United States v. Margarito Flores-Cordero
2013 U.S. App. LEXIS 15186
| 9th Cir. | 2013Background
- Margarito Flores-Cordero pled guilty to illegal reentry (8 U.S.C. § 1326); the plea agreement allowed the government to withdraw if a prior conviction was a "crime of violence."
- Presentence report showed a prior Arizona conviction for resisting arrest under Ariz. Rev. Stat. § 13-2508(A)(1).
- The district court applied a 16-level sentencing enhancement under U.S.S.G. § 2L1.2(b)(1)(A) treating the Arizona conviction as a "crime of violence," resulting in an increased Guidelines range and a 63-month sentence.

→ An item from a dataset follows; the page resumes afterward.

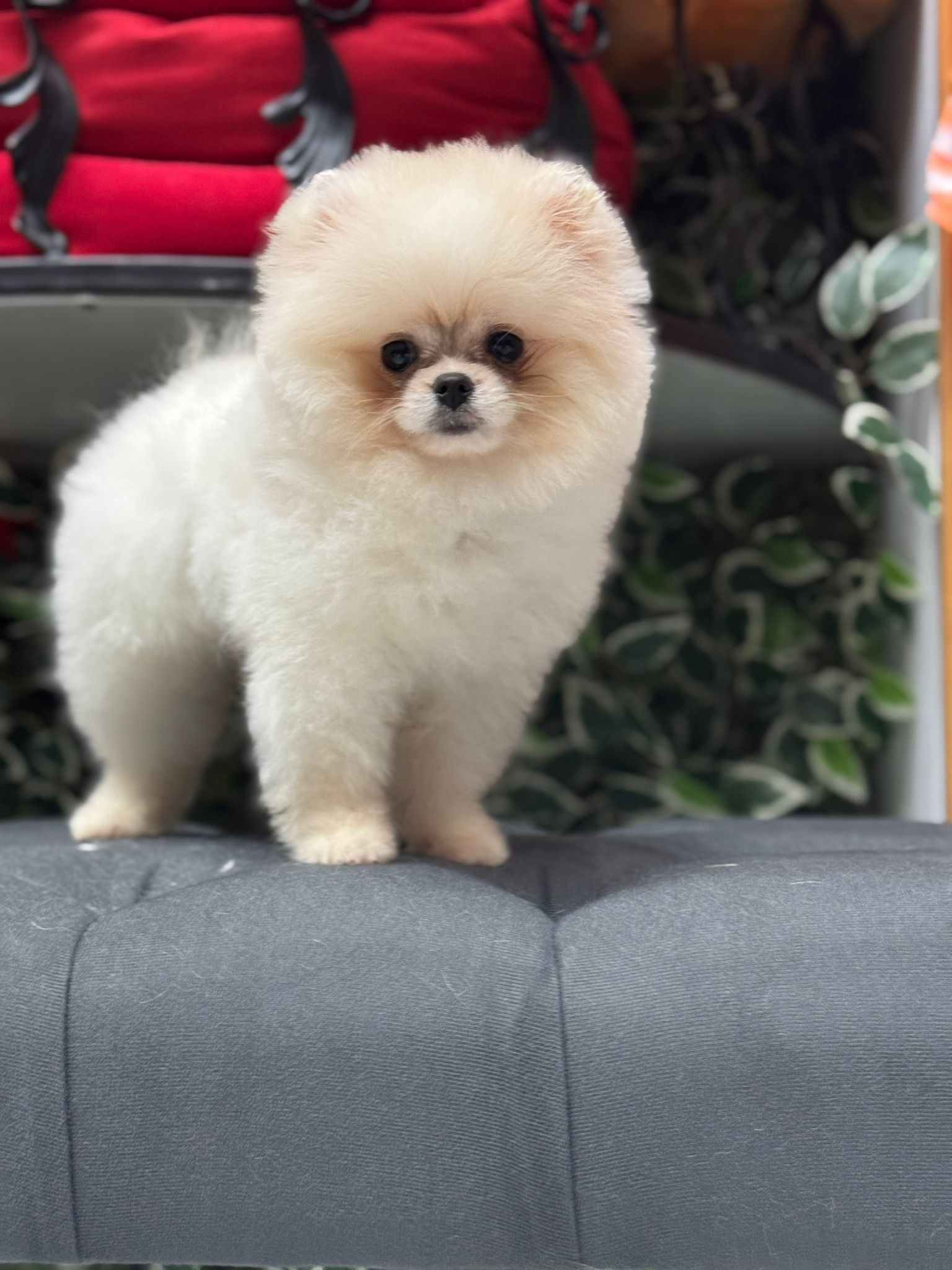 Calvin Yavru Pomeranian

- The Ninth Circuit had previously held (Estrada-Rodriguez) that the Arizona resisting-arrest statute was categorically a crime of violence, based on earlier Arizona precedent (Womack).
- Subsequent Arizona decisions (notably State v. Lee) interpreted § 13-2508(A)(1) to include minimal physical contact or a "minor scuffle," i.e., conduct that may not involve force "capable of causing physical pain or injury."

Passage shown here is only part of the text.